**REQUIRED WORK:** Write out the stretch of lines below that begins at the line with "Tummy Tuck Before" and ends at the line with "Cheilitis Angularis", including both, exactly as given and nothing more.

Segment Start: RAW DATA

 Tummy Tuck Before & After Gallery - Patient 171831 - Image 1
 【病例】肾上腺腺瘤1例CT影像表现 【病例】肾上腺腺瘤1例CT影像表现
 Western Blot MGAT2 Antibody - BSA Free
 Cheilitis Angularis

Segment End: RAW DATA
Segment Start: RAW DATA

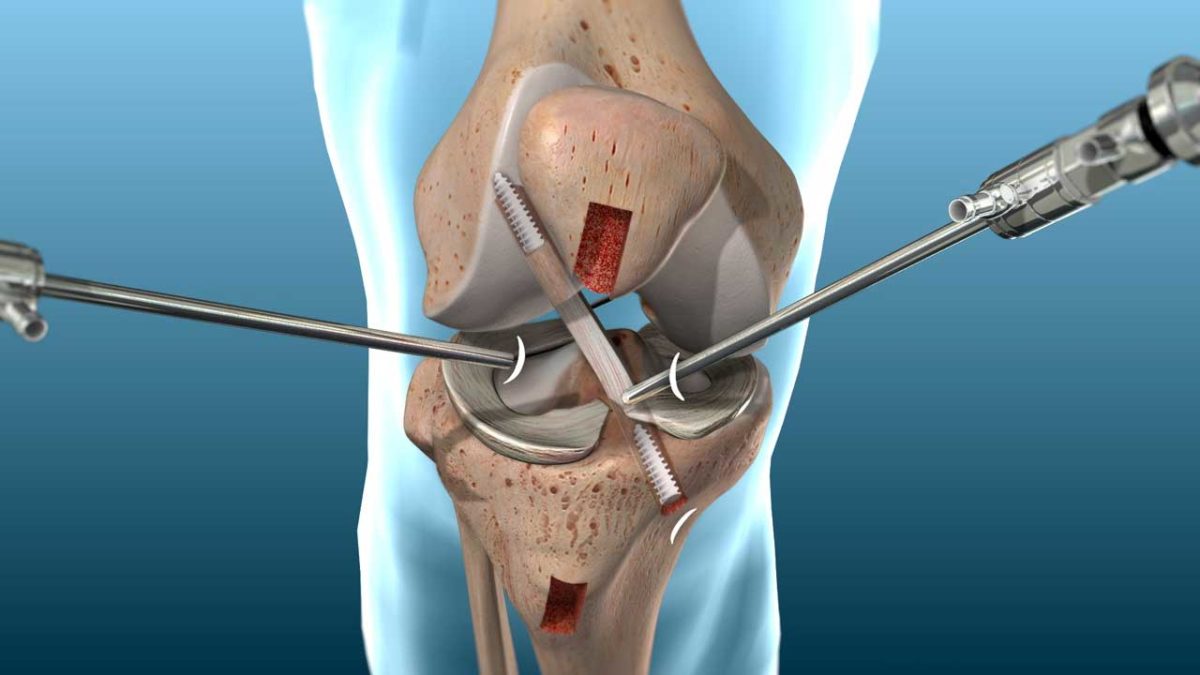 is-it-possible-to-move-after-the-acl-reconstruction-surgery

Segment End: RAW DATA
Segment Start: RAW DATA

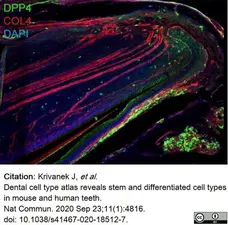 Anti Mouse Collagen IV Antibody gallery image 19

Segment End: RAW DATA

**WORKED SOLUTION:**
 Tummy Tuck Before & After Gallery - Patient 171831 - Image 1
 【病例】肾上腺腺瘤1例CT影像表现 【病例】肾上腺腺瘤1例CT影像表现
 Western Blot MGAT2 Antibody - BSA Free
 Cheilitis Angularis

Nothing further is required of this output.